Forgive me, LJ, for I have strayed. It has been over a month since my last post. (well, except for the wee one earlier today, but that hardly counts...)
It's not like my life is amazingly busy or full to bursting, really - I'm just, by my very nature, likely to become mired in my own tangled thoughts, a prisoner of inertia. Also, I'm very lazy. It's quite sad.
I've also come to realize it takes me a lot longer to recharge than it used to. I was pretty much on empty after
conflikt even though I wasn't responsible for *anything* this year. All I had to do was go.
mercury973 chauffeured me around everywhere. And yet, I was still wiped out after. I must be getting old or something. What the hell, dude? I didn't sign up for that!
I've managed make music with
u_must_b_joking a few times since the con. A couple times Paul was there too, and even
capnblackberry once! Ah, sweet music. Heh -I'm so glad she's on a Stargate kick right now - it means I'm not the ONLY one writing Stargate filks!
Other than that, I've found myself isolating in a way I haven't in a long time. I went to one Browncoats meetup, and got together with
pa_fangirl for coffee a couple times, but I've just really been shying away from people. I've had to force myself to committee meetings and GMs, board meetings I'm committed to, and I just don't want to go.I'ts a little weird. Almost disturbing, but I can't really bring myself to care enough to be worried.
I think I'm a funk. Not really depressed, but just - well, my give-a-damn is pretty close to busted, y'know? I've got a lot on my mind - the kids (good lord, how is girlygirl old enough to graduate this year, dammit?) money (there's never enough) bills (there are always too many) and the job (cuz the moment you think you're secure, things get SNAFUed)
I know worry doesn't fix anything, and there are some things I just need to get off my arse and make a plan about.
*snort* Riiiiight. And heeeeere's the internet! Oooh! Shiny distraction, how pretty you are!
On the far more fun and distracted side of my brain, OMG I FINISHED A STORY BEFORE THE DUE DATE! *dies of shock* No seriously, this never happens! My Still In Love fest fic isn't due till March 28th and IT'S DONE!
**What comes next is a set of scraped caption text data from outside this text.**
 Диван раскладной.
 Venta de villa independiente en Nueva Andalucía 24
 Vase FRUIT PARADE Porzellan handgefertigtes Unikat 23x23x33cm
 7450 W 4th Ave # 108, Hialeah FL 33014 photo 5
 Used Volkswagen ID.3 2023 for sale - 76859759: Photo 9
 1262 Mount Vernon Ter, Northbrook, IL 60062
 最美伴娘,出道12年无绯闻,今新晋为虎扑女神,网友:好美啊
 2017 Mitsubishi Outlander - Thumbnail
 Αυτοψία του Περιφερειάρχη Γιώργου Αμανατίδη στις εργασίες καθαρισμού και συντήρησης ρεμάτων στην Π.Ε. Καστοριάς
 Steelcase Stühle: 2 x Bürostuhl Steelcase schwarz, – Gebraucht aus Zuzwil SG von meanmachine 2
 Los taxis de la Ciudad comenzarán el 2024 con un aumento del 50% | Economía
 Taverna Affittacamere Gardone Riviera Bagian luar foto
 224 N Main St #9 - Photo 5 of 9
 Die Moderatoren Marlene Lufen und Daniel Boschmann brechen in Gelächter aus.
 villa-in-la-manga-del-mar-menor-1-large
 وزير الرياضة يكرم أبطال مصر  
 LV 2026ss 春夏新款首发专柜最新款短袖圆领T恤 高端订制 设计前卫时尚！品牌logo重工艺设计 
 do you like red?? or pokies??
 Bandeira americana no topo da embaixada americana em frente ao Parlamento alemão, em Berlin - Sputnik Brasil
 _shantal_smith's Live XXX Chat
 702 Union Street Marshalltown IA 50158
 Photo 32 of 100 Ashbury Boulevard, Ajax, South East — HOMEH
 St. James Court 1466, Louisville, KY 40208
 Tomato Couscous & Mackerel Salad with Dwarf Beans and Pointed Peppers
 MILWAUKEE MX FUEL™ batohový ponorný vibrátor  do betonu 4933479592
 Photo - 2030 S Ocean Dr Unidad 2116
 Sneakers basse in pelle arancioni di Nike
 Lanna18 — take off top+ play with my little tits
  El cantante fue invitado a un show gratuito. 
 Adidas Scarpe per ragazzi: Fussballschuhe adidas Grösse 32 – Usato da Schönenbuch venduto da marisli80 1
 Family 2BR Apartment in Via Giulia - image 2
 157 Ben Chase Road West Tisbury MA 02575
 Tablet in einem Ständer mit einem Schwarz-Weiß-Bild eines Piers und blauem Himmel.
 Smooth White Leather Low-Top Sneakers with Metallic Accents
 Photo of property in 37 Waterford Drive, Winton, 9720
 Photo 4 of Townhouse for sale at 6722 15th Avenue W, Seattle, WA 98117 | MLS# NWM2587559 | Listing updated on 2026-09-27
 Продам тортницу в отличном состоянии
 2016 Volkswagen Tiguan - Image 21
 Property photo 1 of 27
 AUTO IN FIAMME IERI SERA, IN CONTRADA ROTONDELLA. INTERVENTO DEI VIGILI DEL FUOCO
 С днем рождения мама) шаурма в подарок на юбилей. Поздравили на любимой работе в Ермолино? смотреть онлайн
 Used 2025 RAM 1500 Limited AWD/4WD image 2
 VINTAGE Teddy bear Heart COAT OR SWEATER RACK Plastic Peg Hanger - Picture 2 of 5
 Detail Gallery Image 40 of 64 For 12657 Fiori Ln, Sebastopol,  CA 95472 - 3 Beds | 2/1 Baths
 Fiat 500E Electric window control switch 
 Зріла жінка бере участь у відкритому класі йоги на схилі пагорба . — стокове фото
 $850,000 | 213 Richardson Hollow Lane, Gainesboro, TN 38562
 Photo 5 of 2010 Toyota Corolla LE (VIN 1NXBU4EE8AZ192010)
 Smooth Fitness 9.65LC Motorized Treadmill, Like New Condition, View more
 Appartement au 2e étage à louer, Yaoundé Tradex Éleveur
And also, I was able to re-purpose my 2010 NaNo project to dovetail perfectly with the lovely, fabulous art work I won for my
sgareversebang story (by
velocitygrass, and dear GOD, it's amazing, beautiful, fabulous - did I mention this is the 3rd year in a ROW that I have gotten my #1 pick for artwork? SQUEEE!) And I've already written almost 2K of new material for it as well as reworked a bunch of the old stuff - it's been sitting there for a year, and when I pulled it out and read it, I still liked it and it was perfect! So. I'm happy. And I have till JUNE to finish that, YAY! *happy dances*
Anyway. In case anyone happened to be wondering. I didn't actually fall off the planet, though it may have seemed that way. I was just - hibernating. Yeah. That's it.